Built in 1924 to house the University Library, the top floor east was the first permanent home of the UW college of Law, Formed in 1920. The building itself is named for one of the original five faculty at UW, a man who became nationally renowned in his field of botany, and spent several years as university president before stepping aside just as this building was completed.  Aven Nelson is the subject of a biography by Roger Williams as well as a recent book by American Studies associate professor Frieda Knobloch.
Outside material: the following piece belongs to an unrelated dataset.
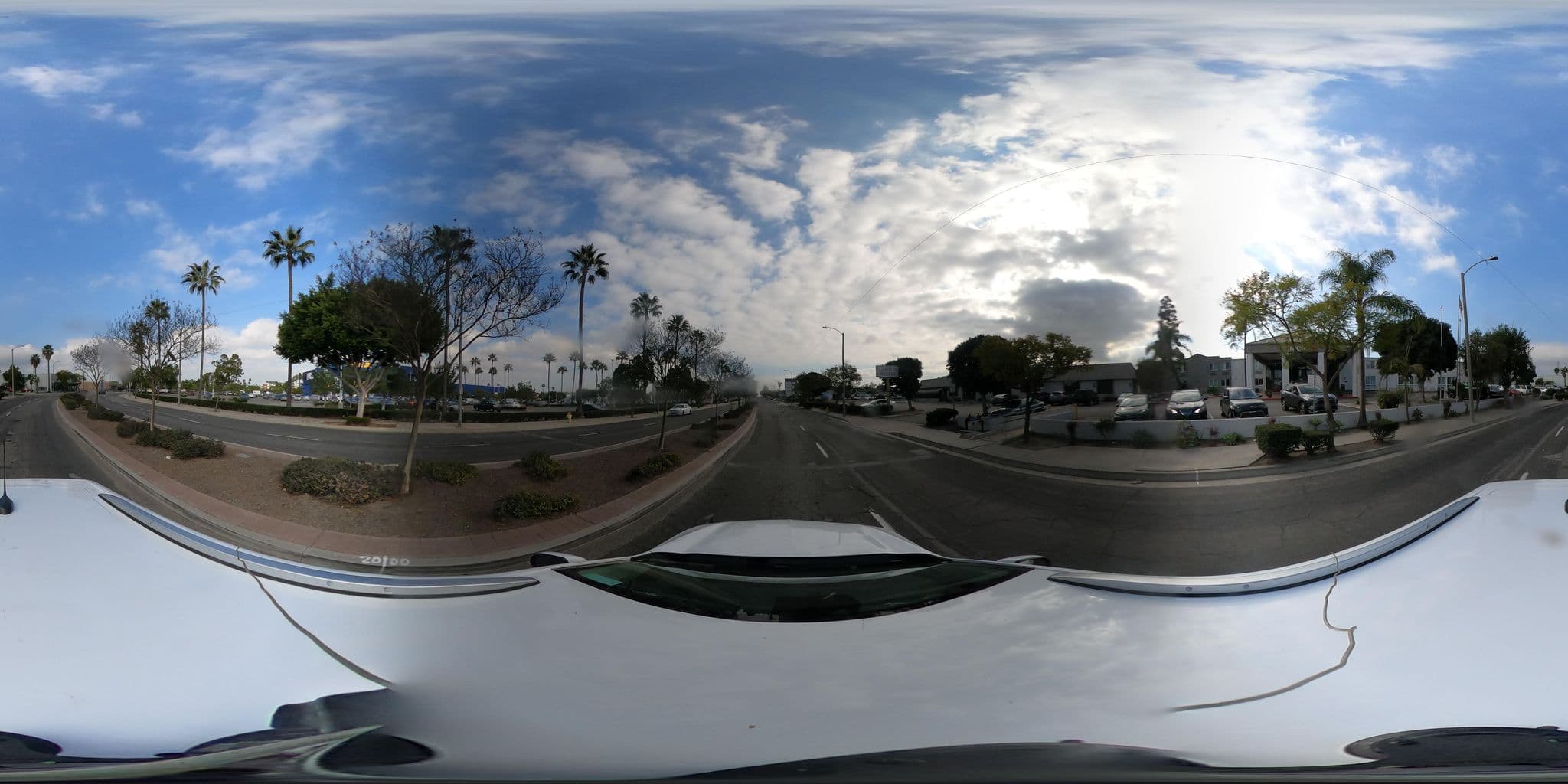 Street view near Quality Inn Carson Long Beach, Carson — © GoProMAX3M (CC BY-SA · Mapillary)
Few state in the West had sufficient funds to embark on building programs in the 1920s. This building is the happy result of decisions made by one of those “unsung heroes” of the university, a man named F. O. Sawin. Aven Nelson

Sawin, the brother of UW’s first mathematics professor, was the surveyor hired in the 1880s to select the university’s “land grant” lands. Sawin had come to Wyoming in 1872 from Kansas where his father had been a pioneer. He was appointed by Hoyt and Wyoming Governor F. E. Warren in 1886 to make the selections.  Among them were lands that became extraordinarily rich with mineral deposits, including the famed Big Muddy Oilfield near Glenrock. In 1916 the “university well” came in, providing substantial royalties to UW from which revenues were applied for construction of the new library as well as the new Half Acre Gym.After his work was completed for the university, Sawin prospected for gold in Colorado and Wyoming, and began surveying for the Wyoming Central Land and Improvement Co. The facilities now contain the largest collection of dried plants in the world- over 561,000 specimens.

The Williams Conservatory

The large glass additon was built in 1994. It serves as a hands on way to observe the natural world. Louis and Terua Williams were supporters of the Botany Department for many years. Terua met Louis in Jackson Hole, Wyoming, where she was a school teacher and he was an aspiring botanist. Under the guidance of Aven Nelson, Louis earned his B.S. and M.S. degrees in the department. After receiving his Ph.D. from Washington State University, Louis' career took him to Harvard University, the Panamerican School of Agriculture in Honduras, the U.S. Department of Agriculture, and the Field Museum of Natural History in Chicago, where he was head of the Botany Department. He retired in 1973. For many years, Louis was the editor of the Bulletin of the American Orchid Society. Because of Louis and Terua's generous support , UW was pleased to name the conservatory in their honor. The Williams Conservatory currently holds over 500 living plant specimens.